Page MenuHomePhabricator

Docker is not running on contint2001
Open, MediumPublic

Description

When rebuilding CI images I got from contint2001.wikimedia.org

Cannot connect to the Docker daemon at unix:///var/run/docker.sock. Is the docker daemon running?

Icinga shows CRITICAL - degraded: The following units failed: docker-system-prune-dangling.service since 2022-07-15 04:29:44. That is a daily job.

The service is marked disabled:

contint2001:~$ systemctl status docker
● docker.service - Docker Application Container Engine
   Loaded: loaded (/lib/systemd/system/docker.service; disabled; vendor preset: enabled)
   Active: inactive (dead)
     Docs: https://docs.docker.com

Event Timeline

hashar triaged this task as Unbreak Now! priority.Fri, Jul 15, 12:23 PM
hashar updated the task description. (Show Details)

The host has been rebooted on July 12th:

reboot   system boot  4.19.0-20-amd64  Tue Jul 12 15:50   still running

But somehow the docker service did not start.

Mentioned in SAL (#wikimedia-releng) [2022-07-15T12:30:27Z] <hashar> Starting docker on contint2001.wikimedia.org # T313119

hashar lowered the priority of this task from Unbreak Now! to Medium.

docker.service requires docker.socket and both are marked as not enabled (ie disabled).

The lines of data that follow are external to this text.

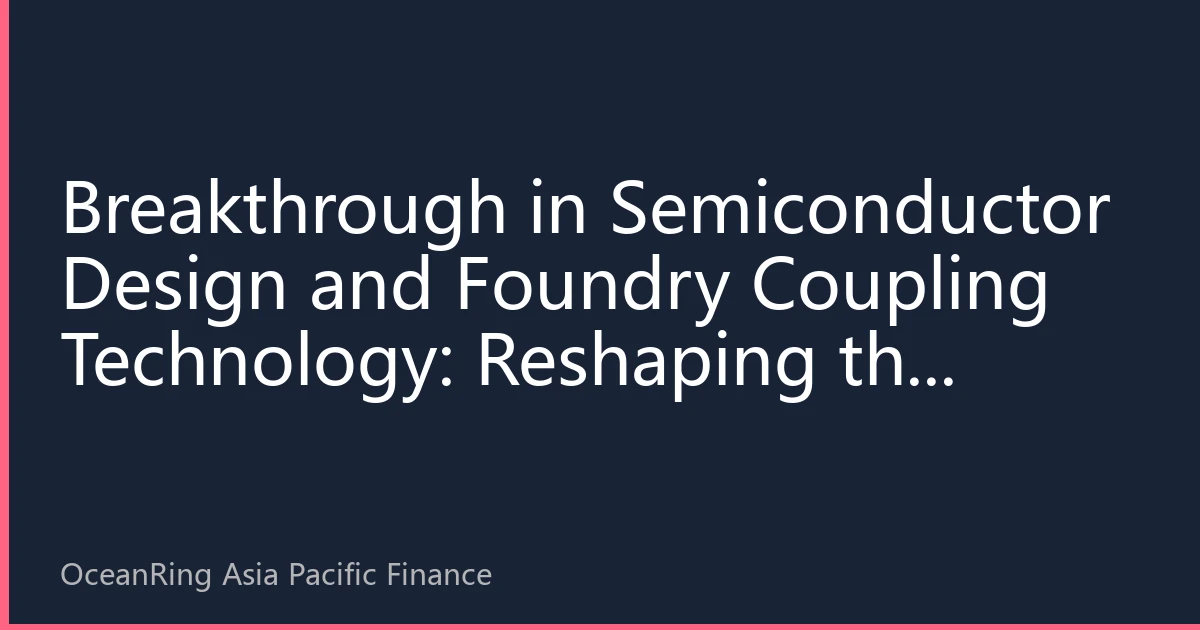 Breakthrough in Semiconductor Design and Foundry Coupling Technology: Reshaping the Asia-Pacific Chip Industry Value Chain and Investment Opportunities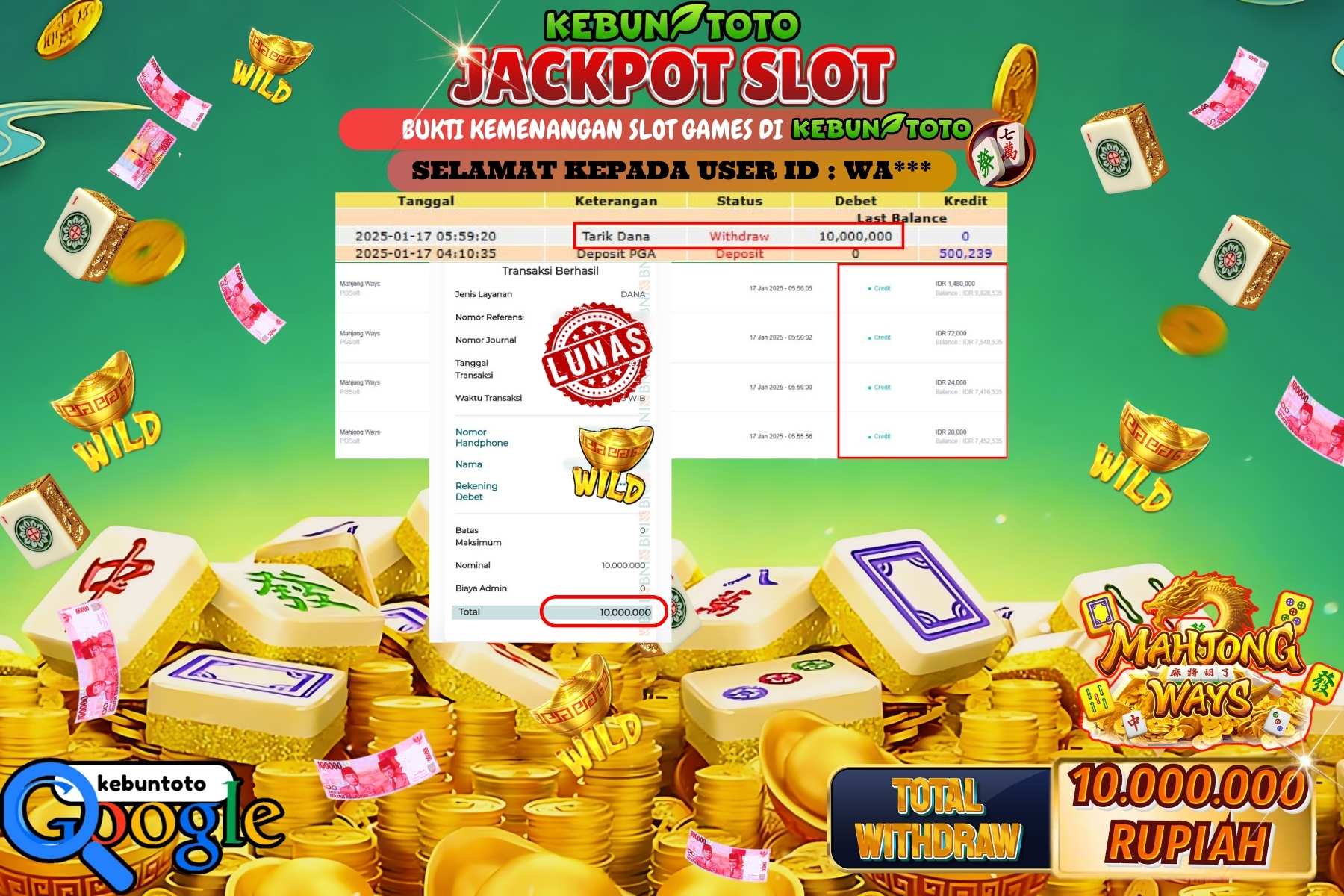 KEBUNTOTO JACKPOT SLOT MAHJONG WAYS , Sebesar Rp.10.000.000,- LUNAS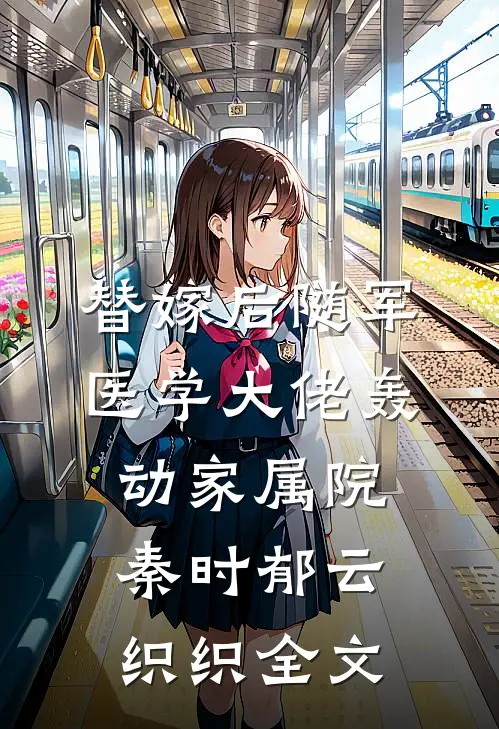 替嫁后随军，医学大佬轰动家属院秦时郁云织织全文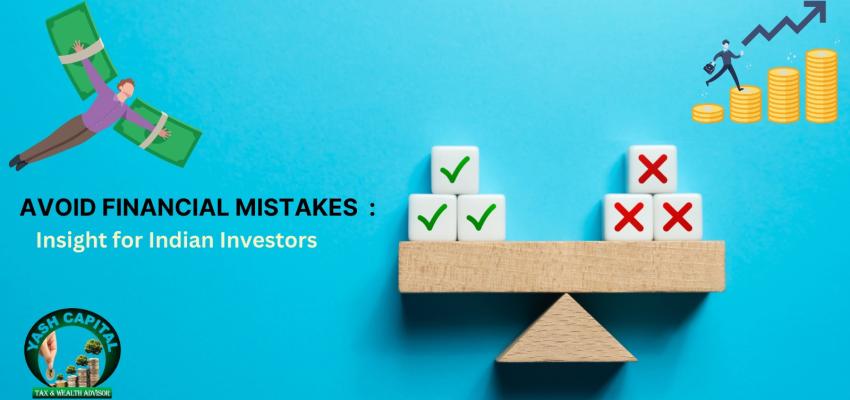 Avoiding Financial Mistakes: Insights for Indian Investors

On contint2001 I started the service manually and also did:

systemctl enable docker
Synchronizing state of docker.service with SysV service script with /lib/systemd/systemd-sysv-install.
Executing: /lib/systemd/systemd-sysv-install enable docker
Created symlink /etc/systemd/system/multi-user.target.wants/docker.service → /lib/systemd/system/docker.service.
systemctl enable docker.socket
Created symlink /etc/systemd/system/sockets.target.wants/docker.socket → /lib/systemd/system/docker.socket.

Looking at contint1001.wikimedia.org, the symlinks do not exist:

contint1001
$ ls /etc/systemd/system/*/docker.*
ls: cannot access '/etc/systemd/system/*/docker.*': No such file or directory

And thus both units show up as disabled (upper cased DISABLED by me below):

$ systemctl status docker.service
● docker.service - Docker Application Container Engine
   Loaded: loaded (/lib/systemd/system/docker.service; DISABLED; vendor preset: enabled)
   Active: active (running) since Mon 2022-06-13 04:33:29 UTC; 1 months 1 days ago
     Docs: https://docs.docker.com
 Main PID: 1653 (dockerd)
    Tasks: 48
   Memory: 7.6G
   CGroup: /system.slice/docker.service
           └─1653 /usr/bin/dockerd -H fd:// --containerd=/run/containerd/containerd.sock
hashar@contint1001:~$ systemctl status docker.socket
● docker.socket - Docker Socket for the API
   Loaded: loaded (/lib/systemd/system/docker.socket; DISABLED; vendor preset: enabled)
   Active: active (running) since Thu 2022-05-05 18:46:47 UTC; 2 months 9 days ago
   Listen: /var/run/docker.sock (Stream)
    Tasks: 0 (limit: 4915)
   Memory: 0B
   CGroup: /system.slice/docker.socket

Moritz instructed:

you can/should extend profile::ci::docker with a puppet-managed service for docker, it currently solely relies on OS package startup config (which may or may not be missing)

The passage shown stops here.